GLAZING THE DOOR WITH GLAZING BEADS
CAUTION! Wear personal protective equipment (safety glasses, gloves, etc.) when handling and installing glass.
Hot rolled steel doors may ship with the aluminum glazing beads installed and taped in place. It is important to remember that steel doors are custom made, and therefore similar parts are not always interchangeable. Remove the glazing beads one at a time, marking the locations they came from so they can go back in the same positions.
Clean the glazing rebate, making sure all dust, dirt and oil are removed. Apply glazing tape to the perimeter of the glazing rebate. The glazing tape should be compatible with the type of glass being used. Consult the door manufacturer for the size and type of glazing tape to use.
Glazing steel doors is an instrumental part of the installation and requires precise blocking of the glass to ensure proper operation and weathertight seal. Prior to glazing it is suggested that operable panels are closed, and hardware engaged in the closed position. Add temporary shim underneath operable panel.

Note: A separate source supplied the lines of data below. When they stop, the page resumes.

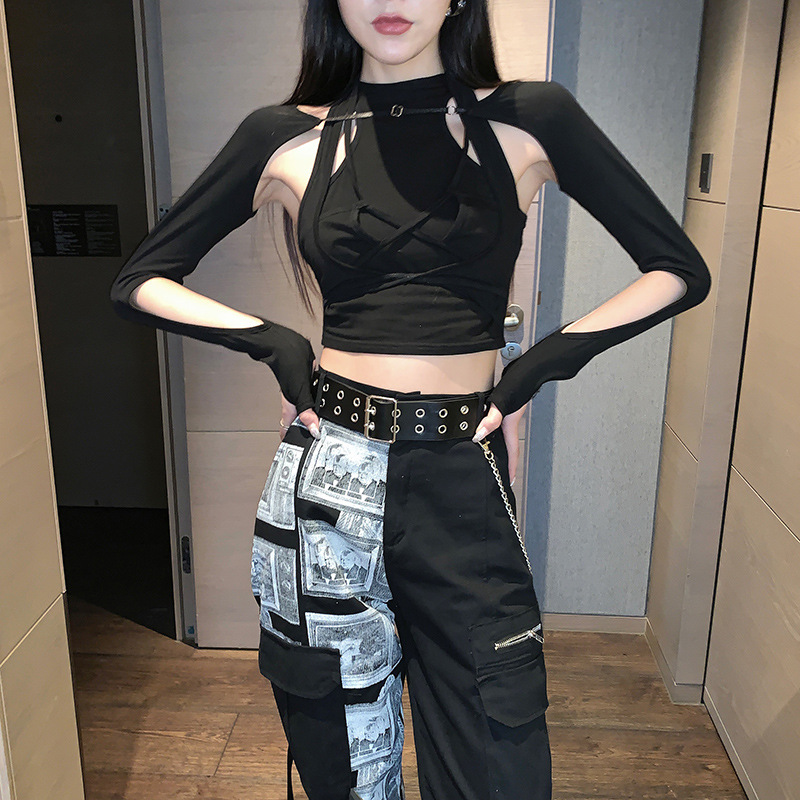 2023 New Sports Leg Tooling Pants Women's Summer High Waist Straight Loose Hip-Hop Slimming Wide Leg Casual Pants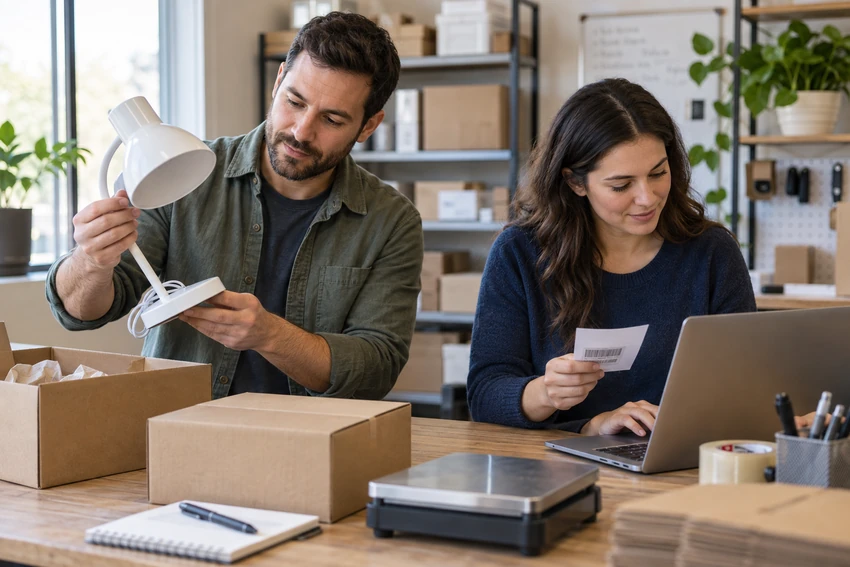 Two ecommerce sellers reviewing a desk lamp and product details before creating an eBay listing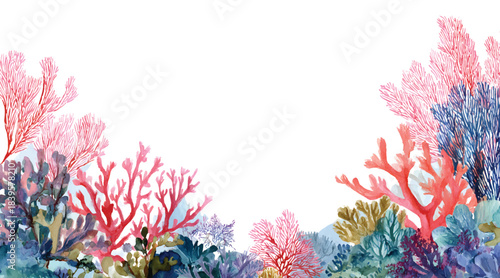 Watercolor colorful seaweed underwater plants marine aquatic life ecosystem isolated on transparent background
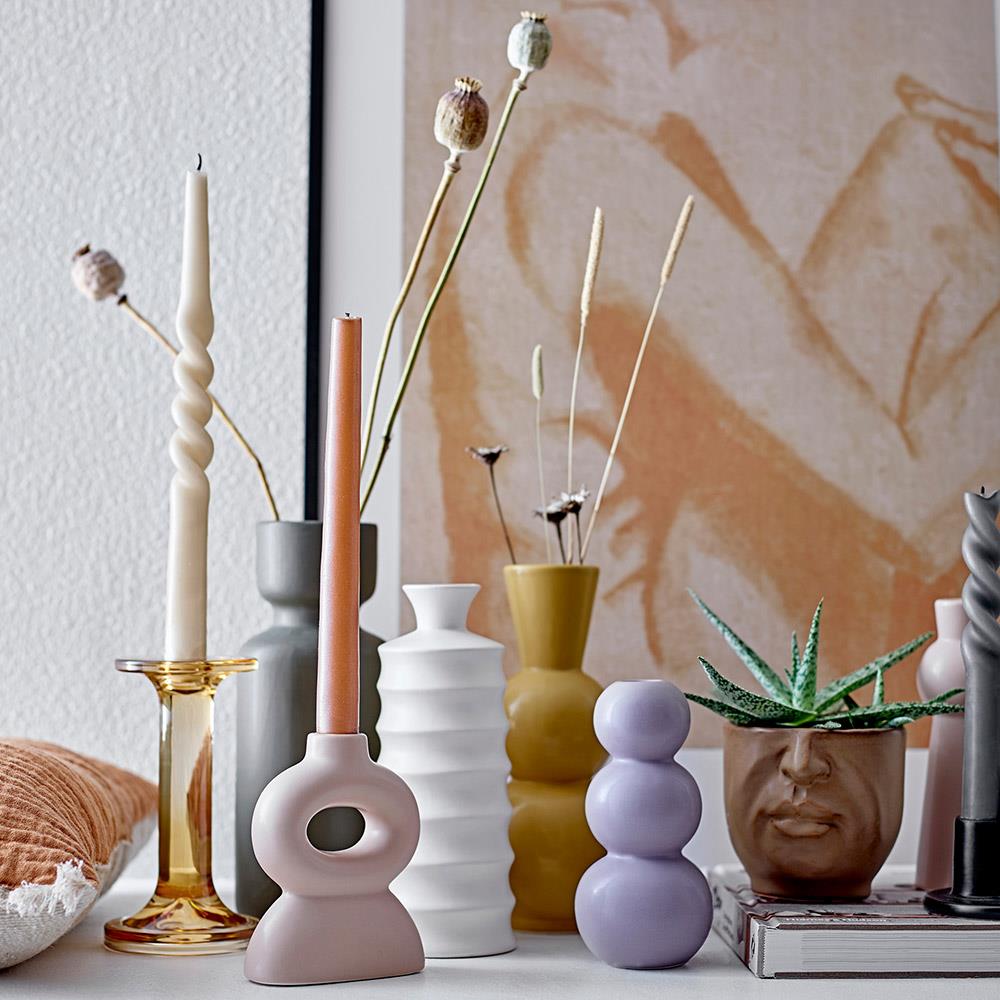 Bloomingville Twist Kerzen Set, Grau, Handgedreht, 4 Stück aus Paraffin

Determine the size and locations for the glass setting & edge blocks to center the glass in the opening. Glass should be set on two identical neoprene, EPDM, silicone, or other compatible elastomeric setting blocks with a Shore (Type) A durometer of 85+/-5. The width of setting blocks should be at least 1/8" (3 mm) wider than the glass thickness. The glass should be free to move within the glazing pocket without touching the frame. The glass should have adequate clearance around all edges, so it does not contact the framing system during static or dynamic conditions. A useful guide to follow in glazing doors is National Glass Association's GANA Glazing Manual.
Place setting and edge blocks only in the locations as shown in the illustration below.
Remove the protective tape from the glazing tape.
Insert the glass, centering it in the opening, and gently press it against the glazing tape.
Usually, the glazing beads are held in place by clips pre-attached to the door frame. Snap the glazing beads into the clips between the glass and the frame. Consult the window manufacturer for instructions about the sequence of installing glazing beads.
Install the rubber glazing gasket between the glass and the glazing beads. It helps to use a mild soap or an ammonia free glass cleaner as a lubricant to install the rubber gasket. If simulated divided lites (SDL's) are present, they can be applied to the glass. Cap bead the SDL's.
Apply a cap bead of silicone sealant to the outside surface of the glass where it meets the frame.
AFTER THE DOOR IS INSTALLED
If steel doors are properly installed and maintained, it is possible for them to last the life of the building. After the door is installed, verify that the door operates correctly. Handles, locks, and throw bolts (if required) should be checked for proper operation and should move freely. Door vents must operate smoothly and close tightly. Rubber weather seals should not have any nicks, tears, or cuts. Check to make sure that weather seals are sealing properly on all sides of doors. Make any adjustments necessary or as recommended by the door manufacturer. Any scratches or digs in the paint finish should be repaired with touch up paint as recommended by the door manufacturer. Make sure all drill shavings are removed as they will rust and mar the paint finish.
Check to make sure that any drain holes in the outer frame sill are clear and unobstructed to insure correct weather performance.
Once the door operates satisfactorily, clean the door using a mild non-alkaline soap and warm water, applied with a sponge or soft cloth. Rinse with clear water.